In the entries below, find the line with "Eteläniemien kasvava suurperhe" and print exactly every line from there up to and including the line with "Een grote Chinese", with no other lines.

▶ Input data:
= = = = =

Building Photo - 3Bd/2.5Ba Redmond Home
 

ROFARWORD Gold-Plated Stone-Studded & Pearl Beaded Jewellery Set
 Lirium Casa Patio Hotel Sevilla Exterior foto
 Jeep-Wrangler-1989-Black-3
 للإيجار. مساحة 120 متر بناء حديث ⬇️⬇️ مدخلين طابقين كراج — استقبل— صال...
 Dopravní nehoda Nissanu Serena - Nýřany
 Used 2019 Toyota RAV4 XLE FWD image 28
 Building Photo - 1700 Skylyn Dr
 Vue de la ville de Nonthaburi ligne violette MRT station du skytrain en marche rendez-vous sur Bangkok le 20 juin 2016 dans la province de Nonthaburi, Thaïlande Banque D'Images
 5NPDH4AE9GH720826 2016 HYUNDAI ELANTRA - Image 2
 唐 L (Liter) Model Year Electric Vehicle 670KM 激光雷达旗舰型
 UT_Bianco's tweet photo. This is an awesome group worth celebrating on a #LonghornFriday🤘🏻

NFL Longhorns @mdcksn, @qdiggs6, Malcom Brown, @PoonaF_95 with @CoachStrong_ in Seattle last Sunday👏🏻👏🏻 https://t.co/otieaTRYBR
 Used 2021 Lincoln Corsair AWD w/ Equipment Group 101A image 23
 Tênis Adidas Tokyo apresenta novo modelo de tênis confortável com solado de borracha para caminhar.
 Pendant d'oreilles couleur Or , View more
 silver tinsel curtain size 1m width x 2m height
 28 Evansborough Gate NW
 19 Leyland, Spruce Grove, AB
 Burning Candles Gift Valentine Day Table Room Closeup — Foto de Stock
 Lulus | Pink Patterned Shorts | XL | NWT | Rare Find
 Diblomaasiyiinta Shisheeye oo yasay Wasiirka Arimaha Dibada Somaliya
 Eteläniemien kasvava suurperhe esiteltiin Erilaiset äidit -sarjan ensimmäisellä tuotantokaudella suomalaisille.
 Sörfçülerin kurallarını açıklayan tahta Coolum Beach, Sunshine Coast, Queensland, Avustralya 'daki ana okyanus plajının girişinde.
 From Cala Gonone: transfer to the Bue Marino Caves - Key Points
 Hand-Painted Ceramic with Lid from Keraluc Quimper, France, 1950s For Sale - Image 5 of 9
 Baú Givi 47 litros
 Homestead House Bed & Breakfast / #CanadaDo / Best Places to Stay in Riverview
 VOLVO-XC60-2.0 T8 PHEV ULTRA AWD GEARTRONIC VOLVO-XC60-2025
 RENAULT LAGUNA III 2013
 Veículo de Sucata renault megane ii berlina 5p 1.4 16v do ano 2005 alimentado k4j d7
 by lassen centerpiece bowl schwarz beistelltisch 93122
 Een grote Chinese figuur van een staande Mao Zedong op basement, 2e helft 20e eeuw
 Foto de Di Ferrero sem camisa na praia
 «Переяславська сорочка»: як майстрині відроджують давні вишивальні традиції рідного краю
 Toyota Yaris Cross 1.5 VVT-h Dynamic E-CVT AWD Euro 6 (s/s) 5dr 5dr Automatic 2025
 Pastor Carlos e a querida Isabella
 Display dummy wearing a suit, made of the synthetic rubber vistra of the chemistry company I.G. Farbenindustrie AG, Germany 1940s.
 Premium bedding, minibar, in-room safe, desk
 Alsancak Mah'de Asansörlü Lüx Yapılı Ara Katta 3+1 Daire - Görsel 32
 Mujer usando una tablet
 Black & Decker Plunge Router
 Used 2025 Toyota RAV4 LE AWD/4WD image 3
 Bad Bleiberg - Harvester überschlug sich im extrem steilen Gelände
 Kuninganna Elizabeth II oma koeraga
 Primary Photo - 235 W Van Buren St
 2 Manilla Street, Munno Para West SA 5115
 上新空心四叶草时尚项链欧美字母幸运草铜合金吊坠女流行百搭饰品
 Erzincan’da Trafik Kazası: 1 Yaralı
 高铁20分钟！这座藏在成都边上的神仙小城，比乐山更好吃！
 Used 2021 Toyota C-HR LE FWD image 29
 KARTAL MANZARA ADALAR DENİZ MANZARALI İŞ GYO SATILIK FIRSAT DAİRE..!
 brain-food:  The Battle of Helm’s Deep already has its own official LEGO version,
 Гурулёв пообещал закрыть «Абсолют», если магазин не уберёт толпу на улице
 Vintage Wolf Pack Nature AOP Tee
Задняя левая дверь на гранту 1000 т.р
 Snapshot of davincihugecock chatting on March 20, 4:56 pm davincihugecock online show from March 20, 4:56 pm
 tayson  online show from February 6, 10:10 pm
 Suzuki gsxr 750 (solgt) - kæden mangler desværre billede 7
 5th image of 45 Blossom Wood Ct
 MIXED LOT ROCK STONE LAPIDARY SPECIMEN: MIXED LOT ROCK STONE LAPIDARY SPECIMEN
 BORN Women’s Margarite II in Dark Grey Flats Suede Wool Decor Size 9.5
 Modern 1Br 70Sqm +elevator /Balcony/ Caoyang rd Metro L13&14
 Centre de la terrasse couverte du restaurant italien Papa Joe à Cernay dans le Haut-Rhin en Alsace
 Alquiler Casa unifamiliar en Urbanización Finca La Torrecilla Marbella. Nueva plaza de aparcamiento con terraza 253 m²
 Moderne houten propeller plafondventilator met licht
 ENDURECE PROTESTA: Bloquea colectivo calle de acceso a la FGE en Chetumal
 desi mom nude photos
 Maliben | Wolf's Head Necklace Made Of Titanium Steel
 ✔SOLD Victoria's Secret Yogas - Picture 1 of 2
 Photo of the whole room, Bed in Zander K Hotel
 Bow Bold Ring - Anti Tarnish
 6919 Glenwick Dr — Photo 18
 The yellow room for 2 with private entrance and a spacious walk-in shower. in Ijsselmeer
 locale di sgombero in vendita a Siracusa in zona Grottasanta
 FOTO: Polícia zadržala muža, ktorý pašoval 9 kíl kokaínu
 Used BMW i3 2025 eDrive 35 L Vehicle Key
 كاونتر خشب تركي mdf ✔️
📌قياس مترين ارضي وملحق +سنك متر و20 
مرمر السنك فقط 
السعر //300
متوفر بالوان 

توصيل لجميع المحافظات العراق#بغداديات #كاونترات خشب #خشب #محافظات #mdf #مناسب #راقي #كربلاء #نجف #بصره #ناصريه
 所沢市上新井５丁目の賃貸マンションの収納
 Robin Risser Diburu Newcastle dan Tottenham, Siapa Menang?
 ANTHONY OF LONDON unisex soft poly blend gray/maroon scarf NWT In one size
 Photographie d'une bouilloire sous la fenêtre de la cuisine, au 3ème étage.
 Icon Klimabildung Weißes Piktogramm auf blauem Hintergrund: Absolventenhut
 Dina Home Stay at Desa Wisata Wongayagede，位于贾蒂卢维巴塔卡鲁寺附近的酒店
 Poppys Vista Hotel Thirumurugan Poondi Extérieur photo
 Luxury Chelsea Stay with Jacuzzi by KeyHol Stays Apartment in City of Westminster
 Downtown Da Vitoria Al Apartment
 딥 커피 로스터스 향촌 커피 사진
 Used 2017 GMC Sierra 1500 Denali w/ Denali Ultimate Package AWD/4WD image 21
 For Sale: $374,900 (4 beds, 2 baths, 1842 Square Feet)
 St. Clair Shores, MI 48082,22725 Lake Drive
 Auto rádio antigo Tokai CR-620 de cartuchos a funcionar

= = = = =

▶ Solution to this task:
 Eteläniemien kasvava suurperhe esiteltiin Erilaiset äidit -sarjan ensimmäisellä tuotantokaudella suomalaisille.
 Sörfçülerin kurallarını açıklayan tahta Coolum Beach, Sunshine Coast, Queensland, Avustralya 'daki ana okyanus plajının girişinde.
 From Cala Gonone: transfer to the Bue Marino Caves - Key Points
 Hand-Painted Ceramic with Lid from Keraluc Quimper, France, 1950s For Sale - Image 5 of 9
 Baú Givi 47 litros
 Homestead House Bed & Breakfast / #CanadaDo / Best Places to Stay in Riverview
 VOLVO-XC60-2.0 T8 PHEV ULTRA AWD GEARTRONIC VOLVO-XC60-2025
 RENAULT LAGUNA III 2013
 Veículo de Sucata renault megane ii berlina 5p 1.4 16v do ano 2005 alimentado k4j d7
 by lassen centerpiece bowl schwarz beistelltisch 93122
 Een grote Chinese figuur van een staande Mao Zedong op basement, 2e helft 20e eeuw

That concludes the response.